Of course, the Yankees did not face a must-win Thursday night. But it was kind of a “had to win.” There was no magic number about to evaporate. Only a sense of magic wafting away.

The Mets already had lost in the afternoon, joining the Angels as the majors’ lone 0-3 blights. The Yankees wanted no part of that club, keeping it an oh-for-New York kind of season. Did not want to get on a plane to Toronto, land at 5 a.m. and heap even one more kernel of pressure onto Masahiro Tanaka’s first start Friday night.

It is bad enough to be swept. Worse to do it to open a campaign. Something close to an April catastrophe to have it happen against the Astros, losers of at least 106 games in each of the last three seasons.

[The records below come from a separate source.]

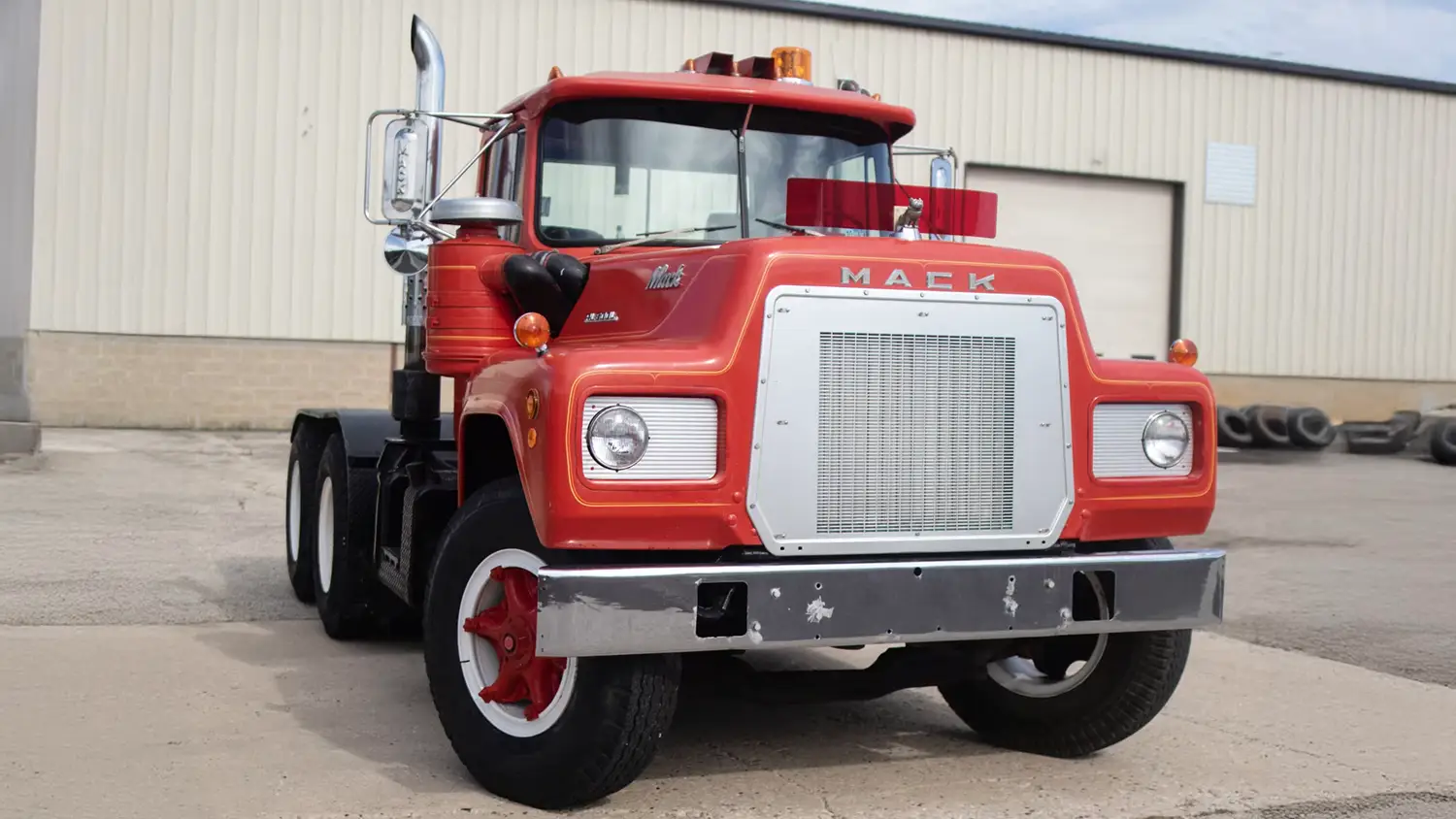 1969 Mack R600 Truck - Photo 1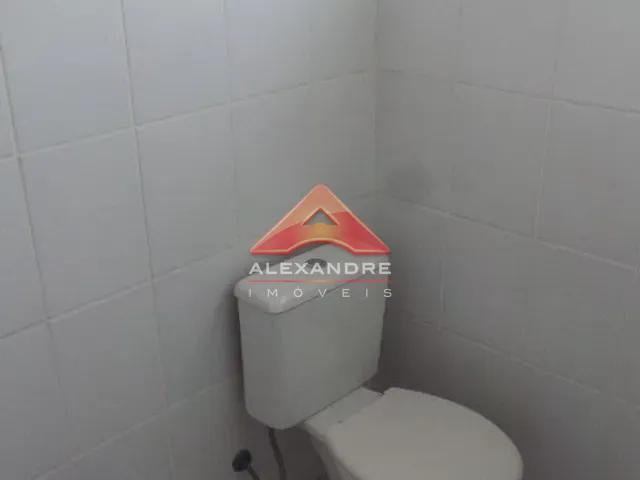 Sala para alugar, no bairro Monte Castelo em São José dos Campos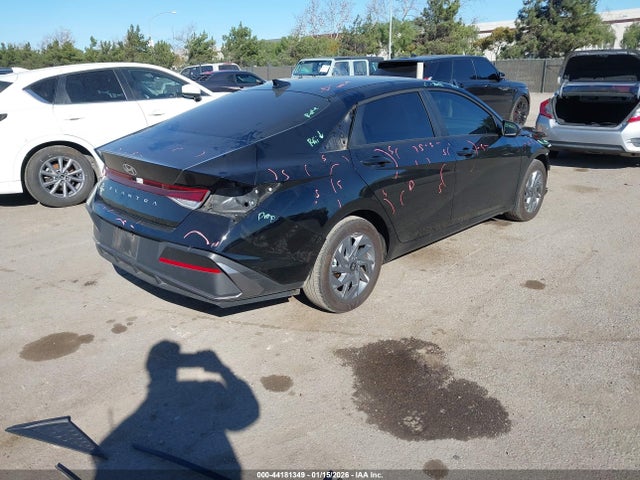 KMHLM4DGXRU839879 Hyundai ELANTRA SEL
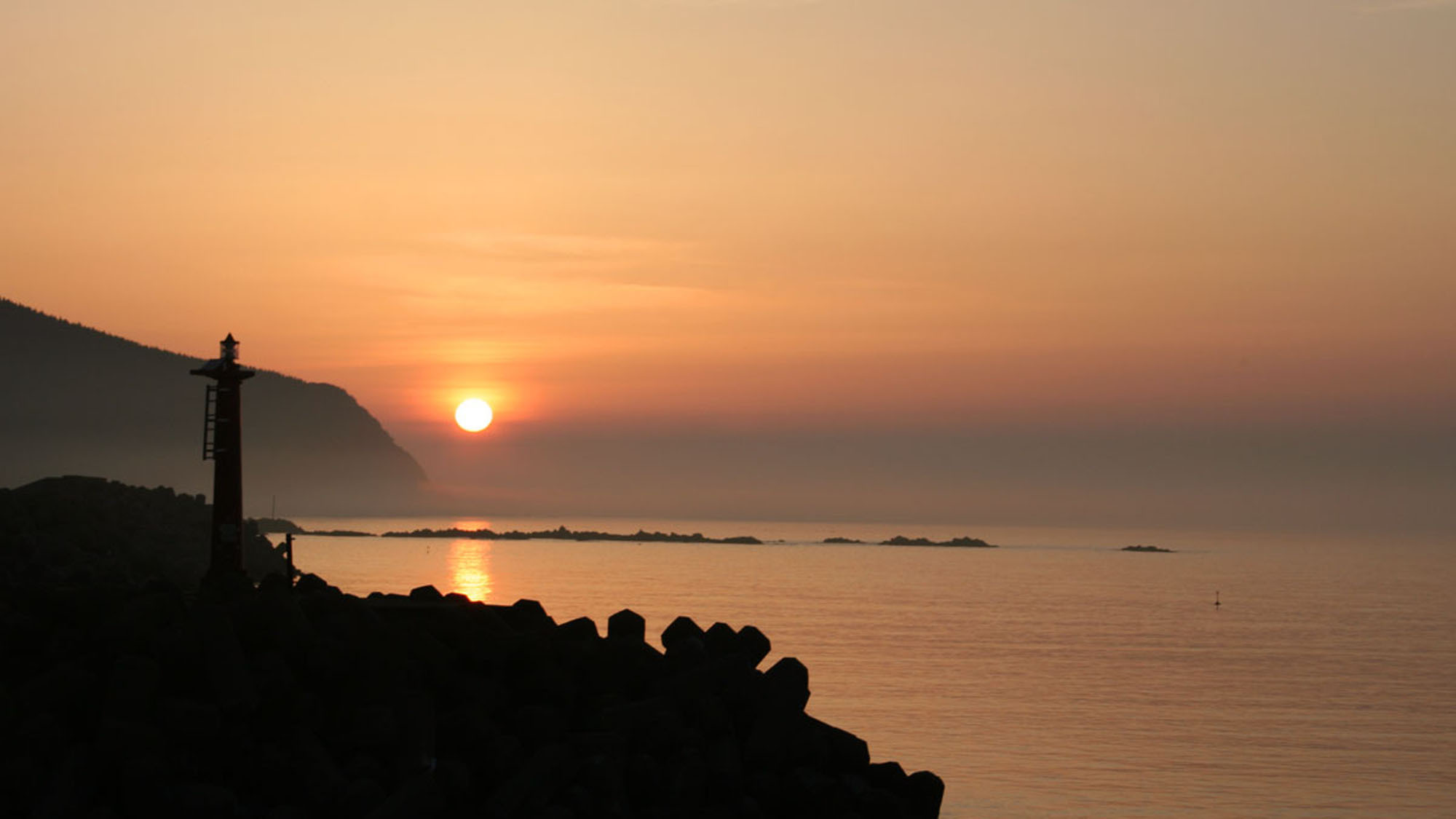 【下風呂の夕日】広い海に映える夕日は津軽海峡を赤く染め上げます。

“It’s a lot better,” Joe Girardi understated about being 1-2 rather than 0-3 following a 4-2 triumph.

Consider that with a victory Houston would have been 3-0 and, thus, three games over .500 for the first time since — wait for it — July 25, 2009. Consider that the Astros had only won two of 15 games ever against the Yankees before winning the first two games of this series. Those previous triumphs were that bizarre six-pitcher no-hitter on June 11, 2003, and last April 29 when the Yankees’ 3-4-5 hitters were Astro-nomically bad — Vernon Wells, Travis Hafner and Brennan Boesch.

The offseason spending orgy was designed to make sure such offensive ugliness disappeared with David Adams and Chris Stewart.

They are not there yet. They avoided 0-3, but not with a steady, assuring win.

Ivan Nova danced in and out of trouble, Girardi believed, because he had not faced batters in a week and a half due to a late spring rainout. Nova — short on command and ferociousness with his key-pitch curve — allowed 13 base runners in 5 ²/₃ innings with a wildness that included five walks and two hit batsmen, but just one strikeout. But boy was he timely. He induced a career-high four crisis-averting double plays.

“He found a way,” Girardi said.

Adam Warren — in eye-opening work for its calm dominance — and Shawn Kelley followed with seven-up, seven-down, four-strikeout relief. David Robertson — for the first time as the official heir to Mariano Rivera — came on to protect a ninth-inning lead.

Girardi had to go all the way to Panama to see Rivera this spring and won’t see him again until the master of the last pitch is part of the first-pitch ceremony Monday at the home opener. The manager mentioned that it was strange to call to the pen and summon someone different. But the results were Rivera-esque: Three batters, three outs, 13 pitches.

So within the first 2014 win for the Yankees this was an important first for Robertson: His ninth career save was the first of the rest of his new life. The strong pen work made sure another game of toothless offense did not undercut the Yanks.

For the series, the Yankees managed just seven runs. They had four doubles, but no homers. Alfonso Soriano went hitless and, for the most part, Mark Teixeira looked hopeless. Soriano flied to right in his first at-bat of the season and then did not get a ball out of the infield in his next 11 tries. Teixeira never left the infield in his last two games, appearing out of whack and overmatched in those eight at-bats. They were middle of the lineup and center of the problem.

The Yankees had just seven hits, five were by Nos. 8-9 hitters Ichiro Suzuki and Yangervis Solarte. The last of Solarte’s three hits went 30 feet, a high pop that landed among three confused Astros for an RBI single.

The Yanks certainly were willing to take the good fortune after two bad days. After all, even with all the logic in the world, 1-2 just looks and feels so much better than 0-3.